Sometimes I am just a little amazed by the interest people show for certain things. One of it is the poem that John Milton wrote when he became blind. With what great hope he continued to live, and it is so marvellow how we can all take comfort and learn from people who truly know how to appreciate all things. Did not St Paul tell us to praise God under all circumstances? Indeed, we must.
There was a time when someone I know had to undergo thirteen operations for a detached retina. The end result, after months of recuperation, was that the person lost the use of one of his eyes. If you were ever to talk to him, he would not lament or complain. He would surprise you in a joyful way, for his answer would be close to Job’s. . .the Lord gives, the Lord takes away. Besides, he still has the use of the other eye. Such optimism!

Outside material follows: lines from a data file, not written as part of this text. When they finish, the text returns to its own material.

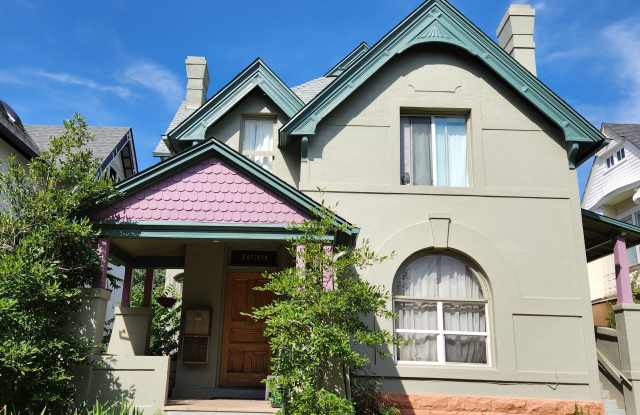 1639 North Ogden Street - 1 photos photos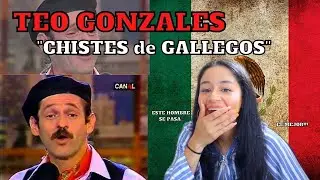 REACCIONO por PRIMERA VEZ a 
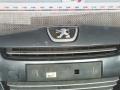 бампер передний Peugeot 5008 1 поколение 2010, 1.6 л., дизель, МКПП, минивэн - фото №4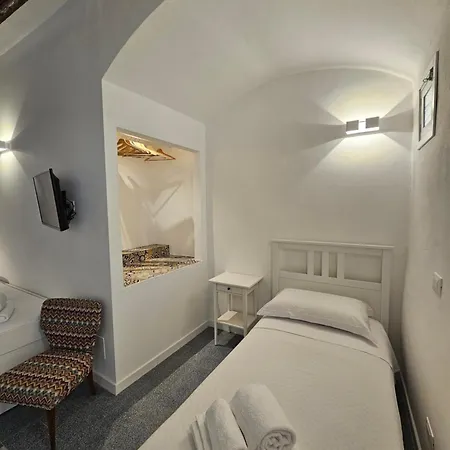 Casa Novelli 22 Palermo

Another person had lost a leg in a nasty accident. He continues to be cheerful and to go about his duties as if nothing had happened. Marvelling at his spirit, I commented that I admired what I was observing. In response, the good man said, “I still have my arms and I still have another leg!”
Talk about counting your blessings. This is so true, isn’t it? Thus, it was that I told myself two years ago when I suddenly had to undergo a retinal operation that I too could expect to lose the sight of an eye. But the Lord is gracious. I continue to see with both eyes.
Is it then any wonder that when we look deeply into each person’s life, we find that there are indeed many lessons that we can share with one another. It is always a good thing to be optimistic. It is not the way of escaping from reality. It is also not a tactic of evasion or a game of ‘let’s pretend’. It is rather an exercise of growing in faith. One turns to the Lord and in faith, one says, “Dearest Lord, you who love me know what is best for me. Thank you, Lord!”
So let us rejoice as we read again a part of the famous sonnet “On His Blindness” by John Milton (1608-74). He rightly reflects with us that even with his disability he has a place under the sun. We all do!
When I consider how my light is spent
Ere half my days in this dark world and wide,
And that one Talent which is death to hide
Lodged with me useless, though my soul more bent
To serve therewith my Maker, and present
My true account, lest He returning chide,
“Doth God exact day-labour, light denied?”
I fondly ask. But Patience, to prevent
That murmur, soon replies, “God doth not need
Either man’s work or his own gifts. Who best
Bear his mild yoke, they serve him best. His state
Is kingly: thousands at his bidding speed,
And post o’er land and ocean without rest;
They also serve who only stand and wait.